Wednesday, 15 January 2014

Star Trek V: The Final Frontier

Released: June 9, 1989
Director: William Shatner
Produced by Harve Bennett
Screenplay: David Loughery

             "I can't help but notice your pain...it runs deep...share it with me!"

That line, which I think is just great, is one of the few things that stands out about Star Trek V, a film that is commonly seen as being the single weakest film in the series. It confuses me that, coming off the back of the brilliant and massively successful Star Trek IV: The Voyage Home, the followup could be so average. A sub standard plot involving a journey to the center of the galaxy to find "God", combined with noticeably weak visual effects compared to the previous outings, caused William Shatner's first turn at directing to be the thing that almost killed the franchise according to some.

Its actually quite a funny film at times, but you get the impression that a lot of the humour was either unintentional or there to pad out the fact that the story wasn't quite up to scratch. The visual effects aren't as good because ILM couldn't do it, and the poor guys they drafted in to do it had half the required time to get it together. Surprisingly, the film apparently did alright when it opened, but it wasn't long before the critics began hurling words like "mess" and "shambles", and not without some justification. Now, that said, The Final Frontier isn't a complete failure. The campfire scene between Kirk, Bones and Spock is cool. You can't help but laugh when Scotty walks into the wall and knocks himself out, while in the middle of saying "I know this ship like the back of my hand..." (then again, this is such an obviously slapstick moment), and the scene where the character's inner demons are brought out into the open is one that I've always remembered. Then of course, we have Kirk questioning "God" like only Kirk would. I agree, what the hell does God need with a starship? The brilliant David Warner also makes an appearance, but as we know he would return in the next film and do much better. Was that a conscious decision, I wonder?
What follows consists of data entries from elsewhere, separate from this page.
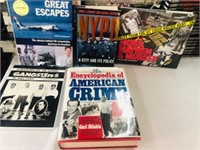 5 Interesting  Mob ,Gangster & Crime Books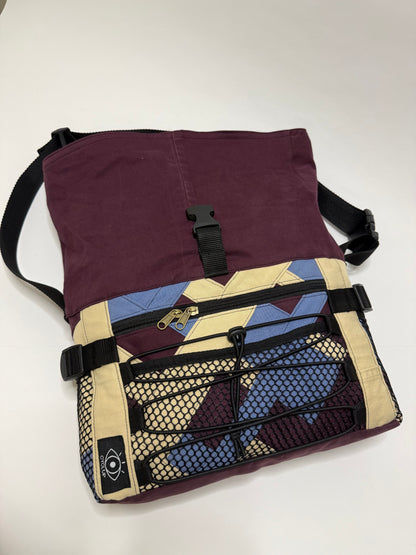 Sac besace roll top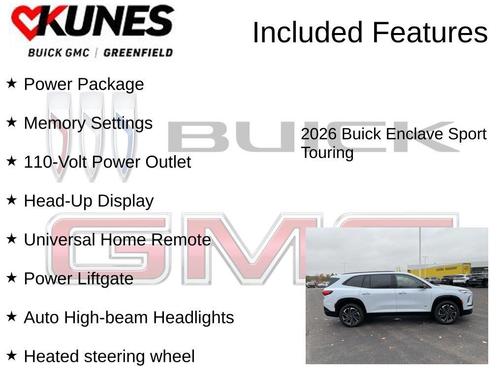 2026 Buick Enclave Sport Touring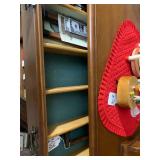 Hutch/craft cabinet, approx. 54"Wx7...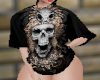 Azteca Skull T-Shirt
If you're a fan of Trek, even the weaker movies have some value and are worth watching, if only to get an idea of just how much better the high points of the series really are. The Final Frontier is more of a curiosity than anything else, as it does show some glimmers of potential. Had they had more time and the budget they needed, I'm sure it would have turned out a lot better. Thankfully, with the next film in the series, they got back on track in a big way and produced a fitting end to the series of original Trek films. That film is unmissable. You can safely skip this one, however.